The Ugly Stepsister: O conto de fadas grotesco que você não esperava
Releitura grotesca de Cinderela aposta no horror corporal para criticar padrões de beleza

A história da Cinderela é uma das mais conhecidas e revisitadas da cultura ocidental — da versão açucarada da Disney às releituras sombrias dos Irmãos Grimm. Mas The Ugly Stepsister, produção norueguesa dirigida pela estreante Emilie Blichfeldt, rompe completamente com qualquer traço de delicadeza. O filme abraça o grotesco, o escatológico e o perturbador, e transforma o clássico conto de fadas em um verdadeiro pesadelo moderno. O vídeo acima é uma crítica feita por Lucas Maia, do canal Refúgio Cult.
A meia-irmã que protagoniza o terror

Diferentemente das versões tradicionais, a narrativa aqui é conduzida pelo ponto de vista de Elvira — a “meia-irmã feia” — interpretada por Lea Myren, conhecida por seu papel como Monica na série Kids in Crime.
Obcecada pela ideia de conquistar um príncipe e ascender socialmente, Elvira está disposta a tudo (literalmente) para alcançar seus objetivos. E quando dizemos “tudo”, é bom preparar o estômago: o longa mergulha em cenas de horror corporal, transformações físicas radicais e procedimentos esteticamente perturbadores.
Com sua mãe interesseira, Elvira tenta se infiltrar em um baile real, uma oportunidade para as jovens da região se casarem com homens ricos e poderosos. No entanto, o filme não trata esse clichê com leveza: o baile, os preparativos e os bastidores são retratados de forma crua, desesperadora e nojenta.

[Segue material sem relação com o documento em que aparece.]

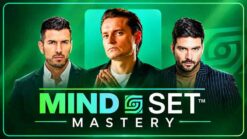 Inmersión Mindset Mastery – Money Mastery Academy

Nada de sapatinho de cristal — aqui o caminho para a beleza passa por tênia (sim, o parasita), costura nos olhos e fraturas estéticas.
Subversão, escatologia e crítica social

The Ugly Stepsister não se limita a chocar por chocar. Ao contrário, a diretora Emily Bitchfelds — em seu primeiro longa-metragem — demonstra domínio ao desconstruir o mito da beleza ideal. Em tempos de obsessão por padrões estéticos e transformações corporais extremas, o filme dialoga com obras como A Substância, estrelado por Demi Moore, e oferece uma crítica feroz à sociedade da aparência.
Nesse processo, o elenco se destaca. Lea Miren, no papel de Elvira, entrega uma atuação visceral, exigente tanto física quanto emocionalmente. A atriz passa por uma transformação notável, lidando com cenas de grande intensidade e desconforto visual.
Minimalismo visual e impacto máximo

Embora o longa tenha um orçamento limitado e utilize poucos cenários, a ambientação é eficaz. O design de produção remete a um período histórico não especificado, mas com ferramentas rudimentares e práticas quase medievais. A estética suja e opressora casa perfeitamente com a proposta narrativa: tudo aqui é propositalmente feio, desconfortável e decadente.
A diretora também quebra outros elementos clássicos do conto, como a fada madrinha — substituída por um “fado madrinho” grotesco e abusivo — e a própria Cinderela, representada por Agnes (Thea Sofie Loch Næss,), uma jovem oprimida, sexualizada e relegada ao papel de serva pela nova família.
O filme choca, sim. Mas não gratuitamente. Há uma intenção clara por trás de cada cena de vômito, sangue ou transformação: mostrar o quão desumanizante pode ser a busca por aceitação, beleza e status social. Através de Elvira, vemos o quanto o desejo de pertencimento pode se tornar uma obsessão — com consequências trágicas e viscerais.
Mesmo com alguns pecados narrativos, como o desenvolvimento superficial de personagens secundários e relações pouco aprofundadas, The Ugly Stepsister é um experimento audiovisual ousado e eficaz. Pode incomodar, pode causar repulsa — mas dificilmente deixará alguém indiferente.
Nota do Refúgio Cult: ★★★★☆☆☆ (7.5/10)
Uma estreia surpreendente que une escatologia, crítica social e subversão de contos de fadas. Se Emilie Blichfeldt, decidir revisitar outras histórias infantis, o público que se prepare: a Branca de Neve nunca mais será a mesma.